MATERIAL FOR THE TASK:
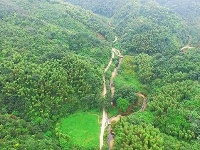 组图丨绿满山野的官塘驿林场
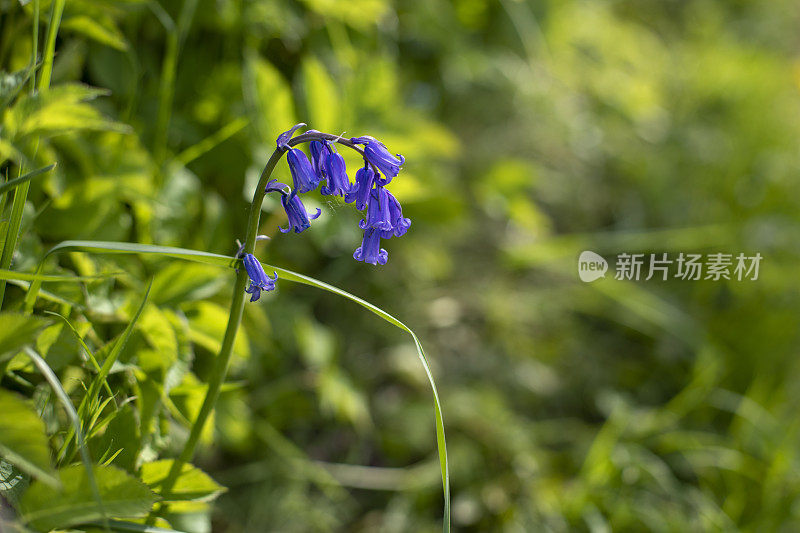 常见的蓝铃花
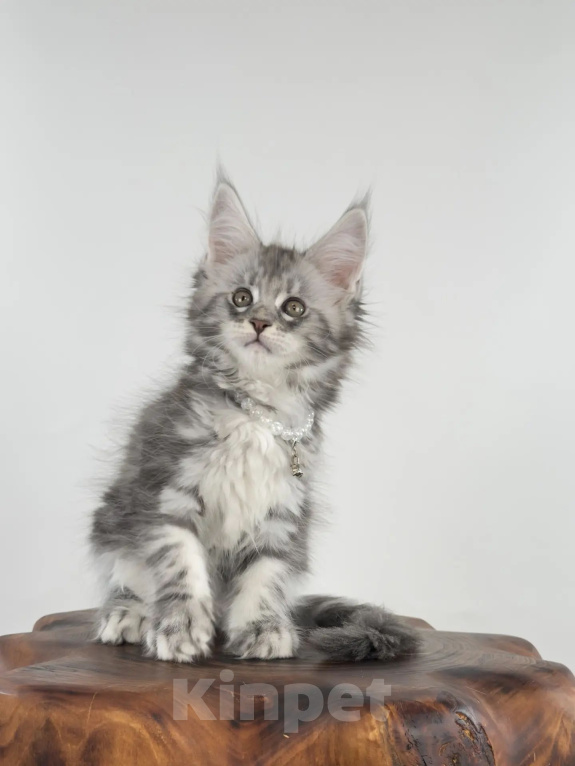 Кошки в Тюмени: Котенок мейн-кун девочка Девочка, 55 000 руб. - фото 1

==

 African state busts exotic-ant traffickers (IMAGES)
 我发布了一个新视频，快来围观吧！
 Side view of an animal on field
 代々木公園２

* * *

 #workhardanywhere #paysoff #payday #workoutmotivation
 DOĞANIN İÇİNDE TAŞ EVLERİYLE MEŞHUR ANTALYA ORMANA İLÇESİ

TASK OBJECTIVE:
Now transcribe the lines above exactly, starting at the line containing "组图丨绿满山野的官塘驿林场" and ending at the line containing "Кошки в Тюмени: Котенок", both lines included, pictures excluded.

SOLUTION TO THIS EXERCISE:
 组图丨绿满山野的官塘驿林场
 常见的蓝铃花
 Кошки в Тюмени: Котенок мейн-кун девочка Девочка, 55 000 руб. - фото 1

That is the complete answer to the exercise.